Vers une tension diplomatique entre le Bénin et le Burkina Faso ?
Lors d’une adresse publique, Ibrahim Traoré a accusé le Bénin d’abriter des bases militaires françaises visant à déstabiliser le Burkina Faso. « Nous n’avons rien contre le peuple ivoirien, mais nous avons quelque chose avec ceux qui dirigent la Côte d’Ivoire. Il y a bel et bien à Abidjan un centre des opérations pour déstabiliser notre pays. Personne ne peut le nier et nous ferons les preuves les jours suivants. Nous vous montrerons des preuves physiques. Vous allez comprendre de quoi nous parlons. Personne ne viendra nous dire qu’au Bénin, il n’y a pas de bases françaises dirigées contre nous. Nous avons les preuves sous la main”, a déclaré Traoré. Ces déclarations ont immédiatement suscité une réponse vigoureuse du gouvernement béninois.
Le ministre béninois des Affaires étrangères a convoqué l’ambassadeur du Burkina Faso, qui réside à Accra, pour un échange selon Banouto. Cotonou a exprimé son profond mécontentement face à ces accusations qu’il juge infondées. Le porte-parole du gouvernement béninois avait déjà publié une réponse cinglante sur les canaux digitaux officiels, rejetant catégoriquement les allégations de Traoré. “C’est l’hôpital qui se moque de la charité », a-t-il lancé, soulignant l’absurdité de ces accusations. Notons que la France a aussi dénoncé ses accusations du Burkina Faso contre le Bénin.
Contexte et répercussions diplomatiques
Cette crise diplomatique intervient dans un contexte déjà tendu entre le Burkina Faso, le Niger et le Bénin. Les accusations de Traoré font écho à celles précédemment émises par le Niger, lesquelles avaient également été rejetées par Cotonou. Le gouvernement béninois avait déjà dû se défendre contre des allégations similaires, affirmant qu’aucune base militaire française ne se trouvait sur son territoire.

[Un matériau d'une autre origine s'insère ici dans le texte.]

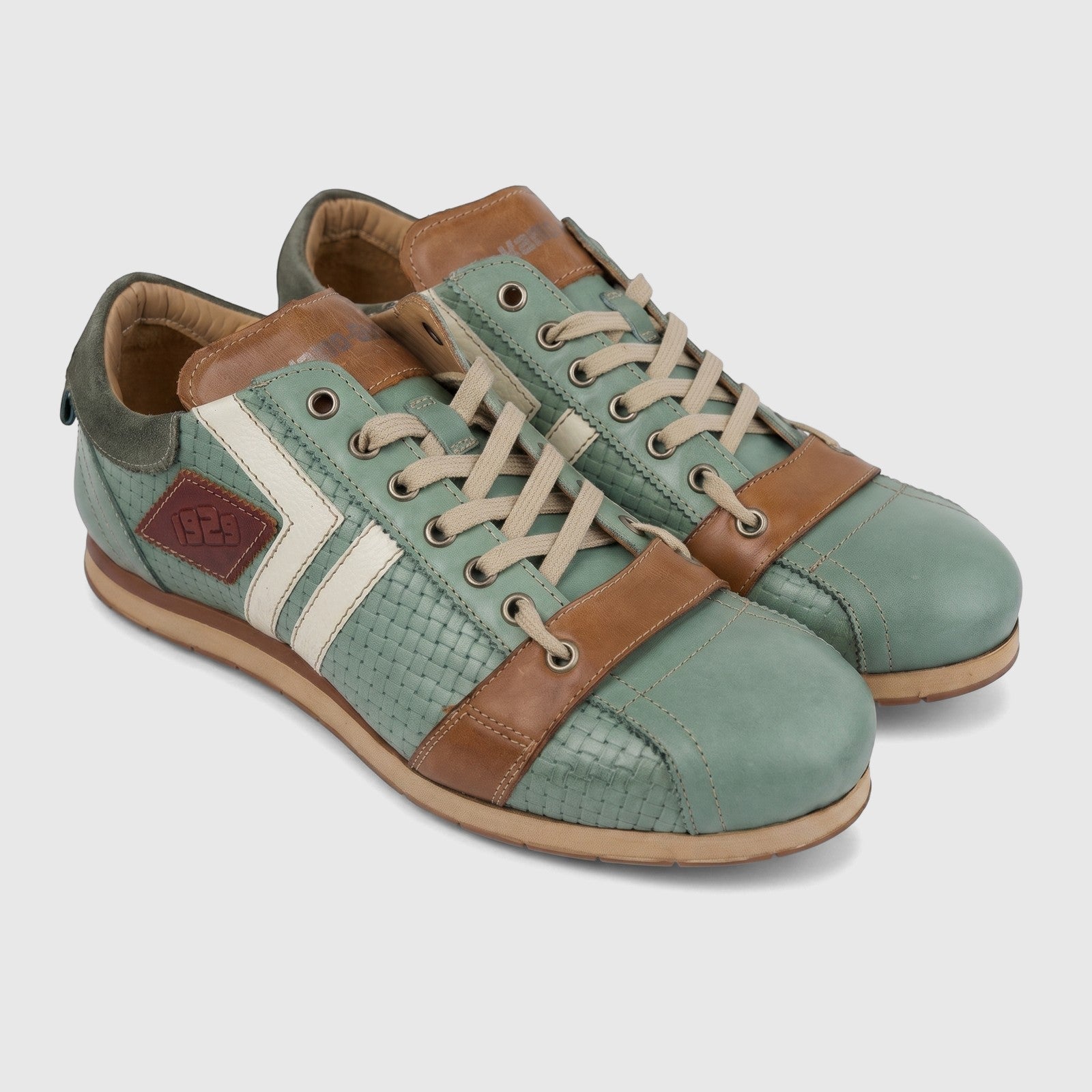 Kamo-Gutsu Men's Leather Sneaker Tifo 030 Icaro Salvia in green and brown with white stripes, shown in a side view.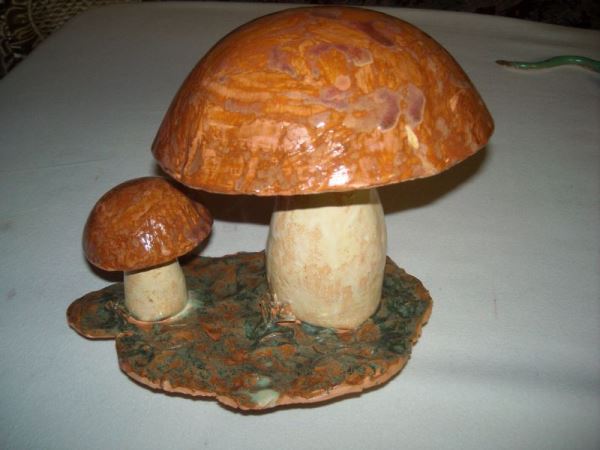 Afgewerkt beeldje van paddenstoel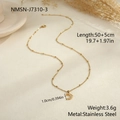 Detalle del colgante de luna creciente de acero inoxidable dorado con circonitas brillantes - Collar de Colgante de Media Luna de Estrás (NMSN-J7310-3) / Chapado en oro 18K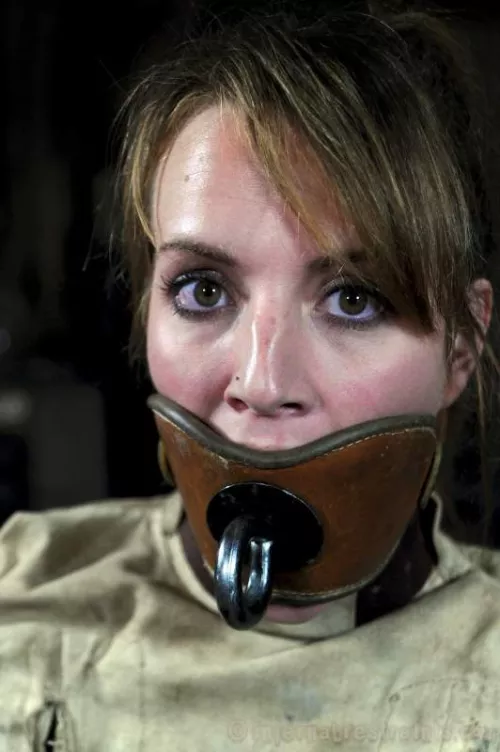 Her mouth is full (Alisha Adams) by throw4waykink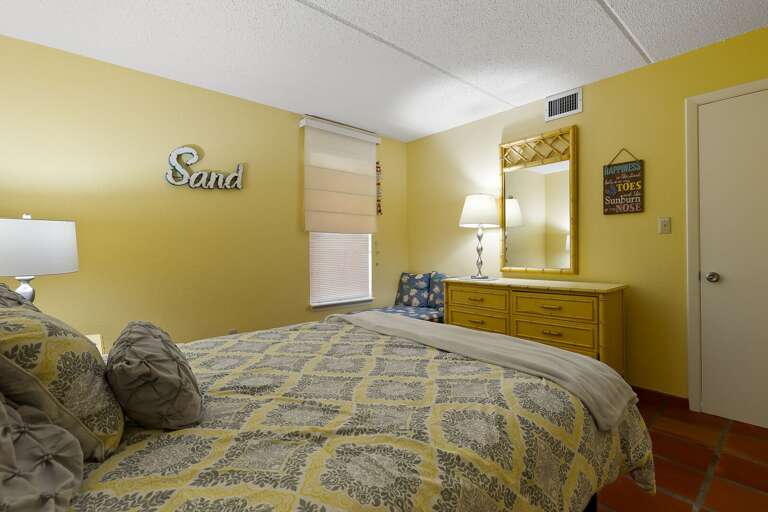 Guest Bedroom Guest Bedroom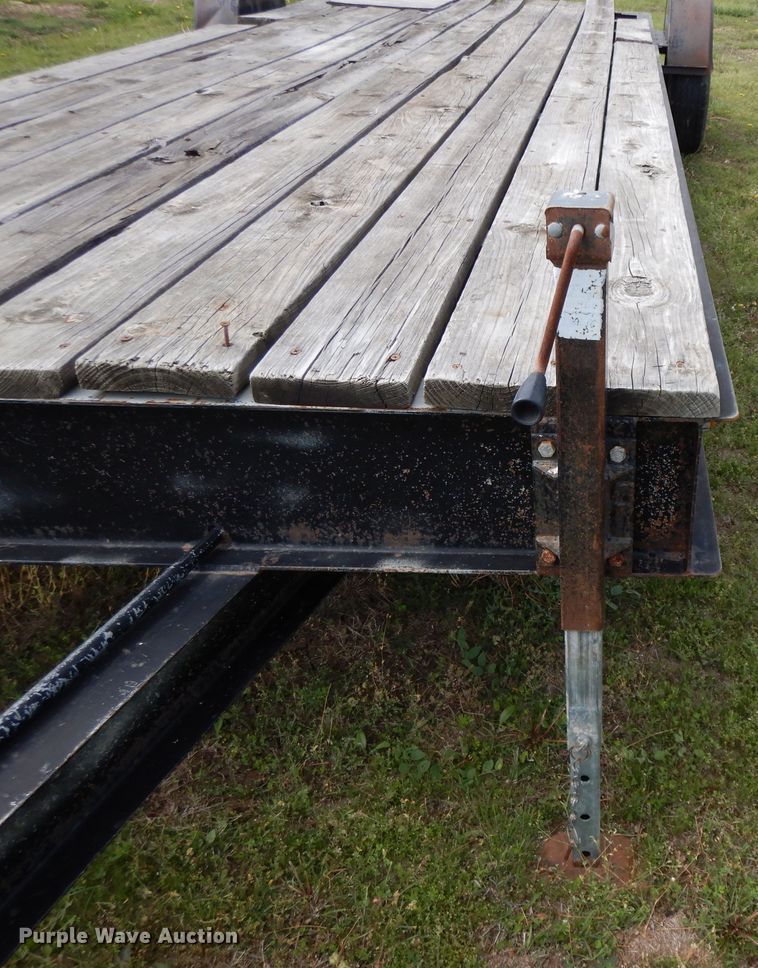 image for item HO9477 Shopbuilt  utility trailer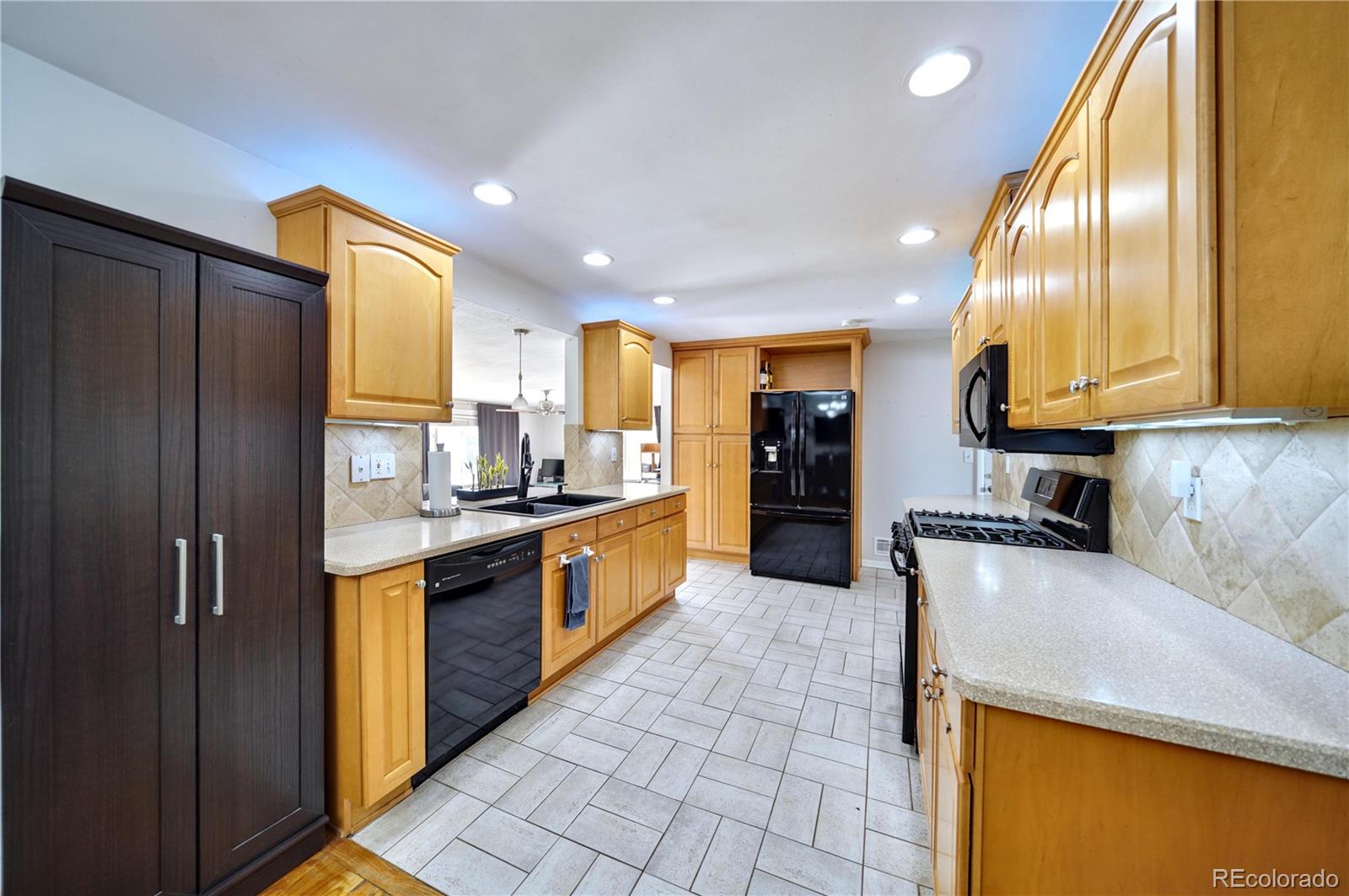 MLS Image #2 for 6616 s lincoln street,centennial, Colorado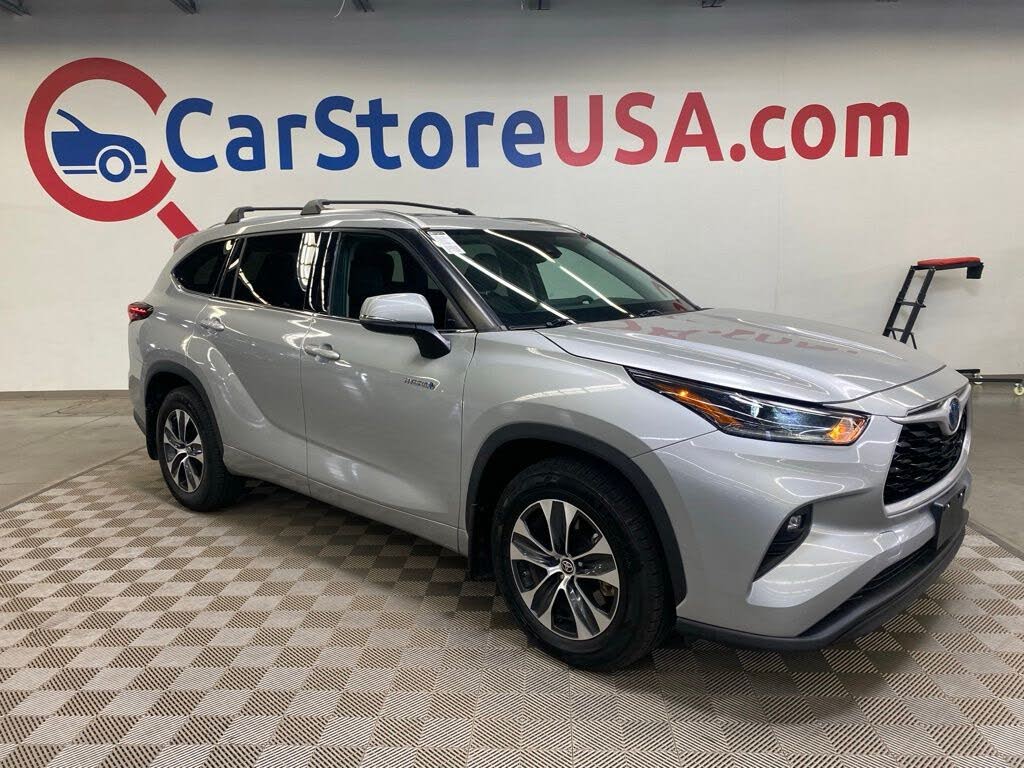 2021 Toyota Highlander Hybrid XLE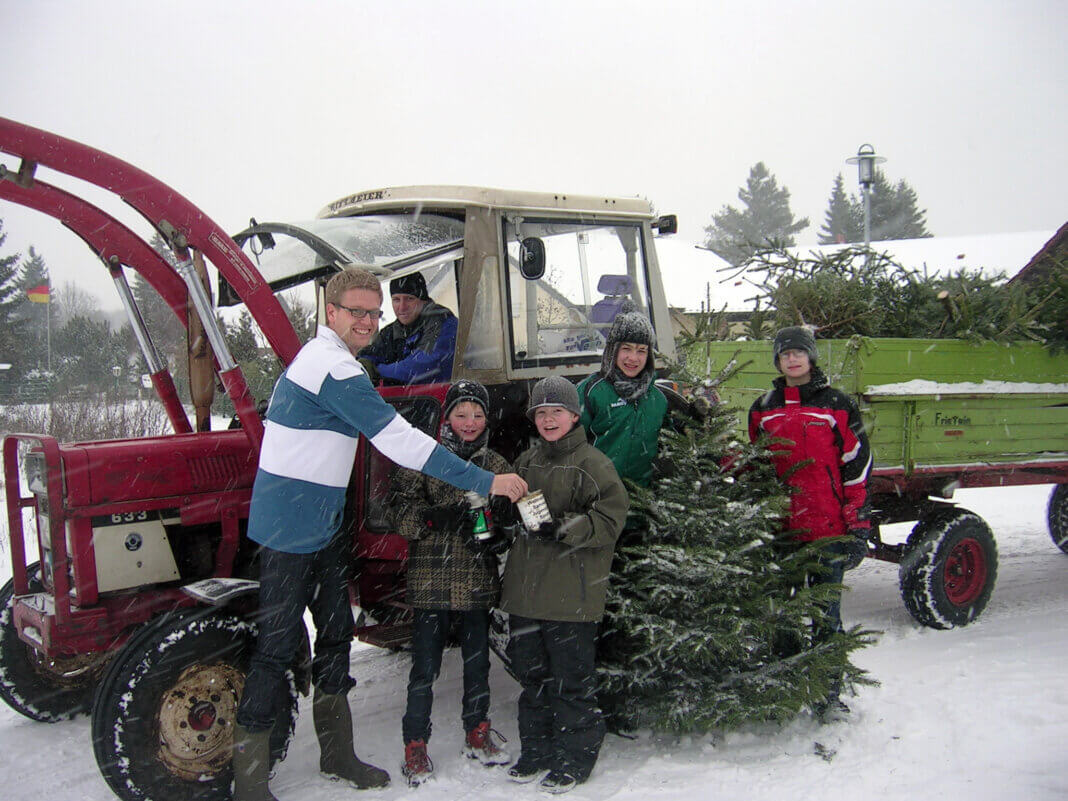 Bäume_Cappenberg Nicht nur vor zehn Jahren wie hier im Bild war alles anders bei der Weihnachtsbaum-Sammelaktion des Cappenberger Sportvereins GSC, der diesen Service mit seiner Jugend schon seit rund 40 Jahren auf dem Dorf bietet. Damals lag sogar Schnee, diesmal darf die Aktion am 9. Januar nur unter strengen Corona-Schutzauflagen stattfinden. Archivfoto: GSC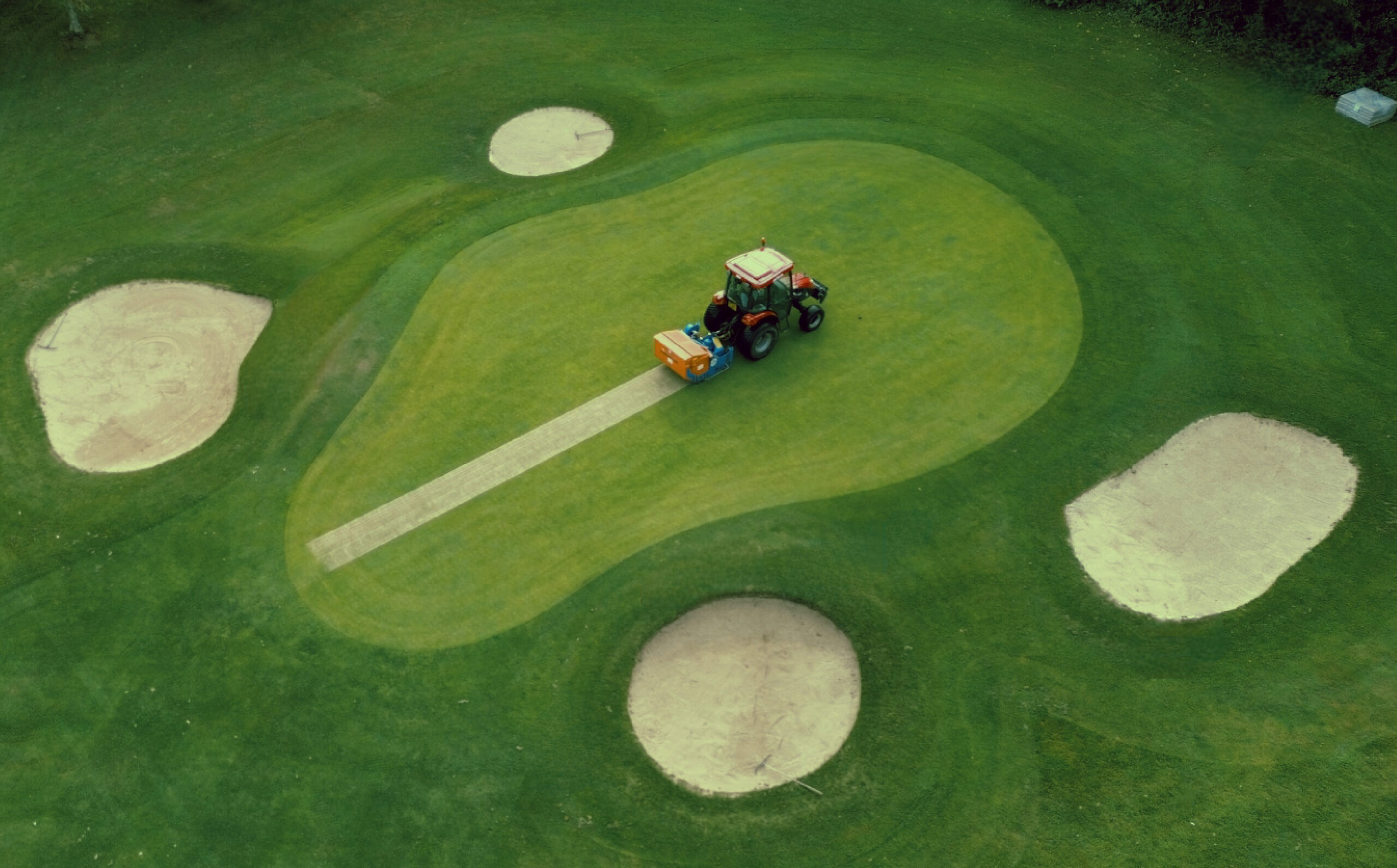 The Sandfiller operation in action at Wenvoe Castle Golf Club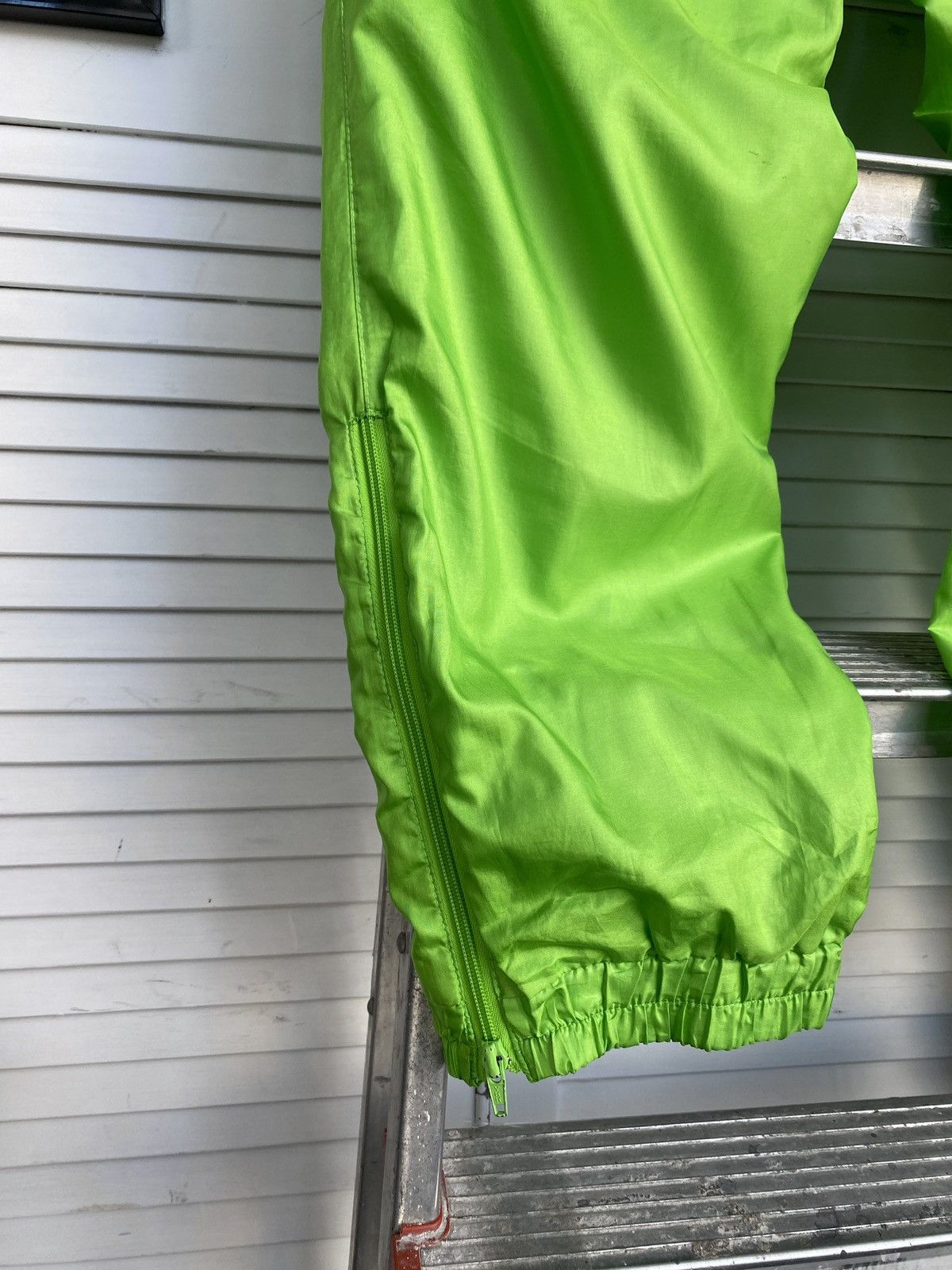 Puma × Vintage Vintage 90s Puma Track Retro Pants in Neon Green Y2K Joggers Size US 32 / EU 48 - 10 Thumbnail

La réaction rapide et ferme du Bénin souligne l’importance qu’il accorde à la protection de sa souveraineté et à la défense de son intégrité territoriale. En convoquant l’ambassadeur du Burkina Faso, Cotonou a voulu montrer sa détermination à ne pas laisser de telles accusations ternir son image ou perturber ses relations internationales.